**Exercise details**
Please reproduce the data below exactly, from the first line through the line containing "Femme aux cheveux", and leave every later line out.

**Crawled caption data**
------------------------------
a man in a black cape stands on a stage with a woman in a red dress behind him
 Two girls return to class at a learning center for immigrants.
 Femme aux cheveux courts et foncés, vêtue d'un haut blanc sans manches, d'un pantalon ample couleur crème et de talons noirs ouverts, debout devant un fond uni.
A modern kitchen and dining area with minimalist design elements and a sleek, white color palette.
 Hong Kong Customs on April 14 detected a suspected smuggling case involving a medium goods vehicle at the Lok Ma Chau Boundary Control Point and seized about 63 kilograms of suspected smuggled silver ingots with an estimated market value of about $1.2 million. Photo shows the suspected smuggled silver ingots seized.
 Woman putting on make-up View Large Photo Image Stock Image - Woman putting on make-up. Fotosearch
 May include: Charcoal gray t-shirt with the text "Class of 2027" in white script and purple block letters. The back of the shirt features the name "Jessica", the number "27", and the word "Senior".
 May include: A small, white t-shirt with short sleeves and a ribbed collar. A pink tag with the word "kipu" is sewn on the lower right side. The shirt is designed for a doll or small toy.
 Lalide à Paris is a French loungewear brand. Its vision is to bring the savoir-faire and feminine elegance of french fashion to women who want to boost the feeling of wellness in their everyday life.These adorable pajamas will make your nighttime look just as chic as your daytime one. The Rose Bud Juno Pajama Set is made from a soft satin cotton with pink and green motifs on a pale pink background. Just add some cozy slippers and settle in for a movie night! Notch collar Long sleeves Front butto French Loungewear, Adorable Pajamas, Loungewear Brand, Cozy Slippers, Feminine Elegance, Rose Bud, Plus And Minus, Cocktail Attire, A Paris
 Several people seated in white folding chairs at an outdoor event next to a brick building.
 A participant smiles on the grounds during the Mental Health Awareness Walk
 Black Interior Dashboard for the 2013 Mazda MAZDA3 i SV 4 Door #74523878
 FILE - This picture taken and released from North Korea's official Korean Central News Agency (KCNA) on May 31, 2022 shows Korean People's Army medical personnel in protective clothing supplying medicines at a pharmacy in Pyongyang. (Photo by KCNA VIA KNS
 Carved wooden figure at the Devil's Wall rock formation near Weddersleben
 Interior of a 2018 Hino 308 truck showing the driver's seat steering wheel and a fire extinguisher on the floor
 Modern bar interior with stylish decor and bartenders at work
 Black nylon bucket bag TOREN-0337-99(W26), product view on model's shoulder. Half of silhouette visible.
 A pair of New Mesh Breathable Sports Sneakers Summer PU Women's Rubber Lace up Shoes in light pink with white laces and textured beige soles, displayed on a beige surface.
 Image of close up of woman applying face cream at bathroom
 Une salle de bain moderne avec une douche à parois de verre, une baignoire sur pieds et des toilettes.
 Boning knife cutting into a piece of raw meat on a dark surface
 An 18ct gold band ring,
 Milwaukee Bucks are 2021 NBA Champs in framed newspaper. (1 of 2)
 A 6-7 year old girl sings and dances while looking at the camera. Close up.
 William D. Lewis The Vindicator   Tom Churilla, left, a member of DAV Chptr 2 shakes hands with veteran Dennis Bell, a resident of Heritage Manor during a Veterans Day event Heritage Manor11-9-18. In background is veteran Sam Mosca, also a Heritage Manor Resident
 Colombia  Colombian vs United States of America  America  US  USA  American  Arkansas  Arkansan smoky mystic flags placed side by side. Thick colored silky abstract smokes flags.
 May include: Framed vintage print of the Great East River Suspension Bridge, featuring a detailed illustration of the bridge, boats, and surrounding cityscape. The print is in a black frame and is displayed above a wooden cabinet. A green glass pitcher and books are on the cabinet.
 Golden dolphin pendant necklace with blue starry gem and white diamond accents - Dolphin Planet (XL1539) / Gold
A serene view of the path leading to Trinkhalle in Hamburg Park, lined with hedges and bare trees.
------------------------------
**Reply**
a man in a black cape stands on a stage with a woman in a red dress behind him
 Two girls return to class at a learning center for immigrants.
 Femme aux cheveux courts et foncés, vêtue d'un haut blanc sans manches, d'un pantalon ample couleur crème et de talons noirs ouverts, debout devant un fond uni.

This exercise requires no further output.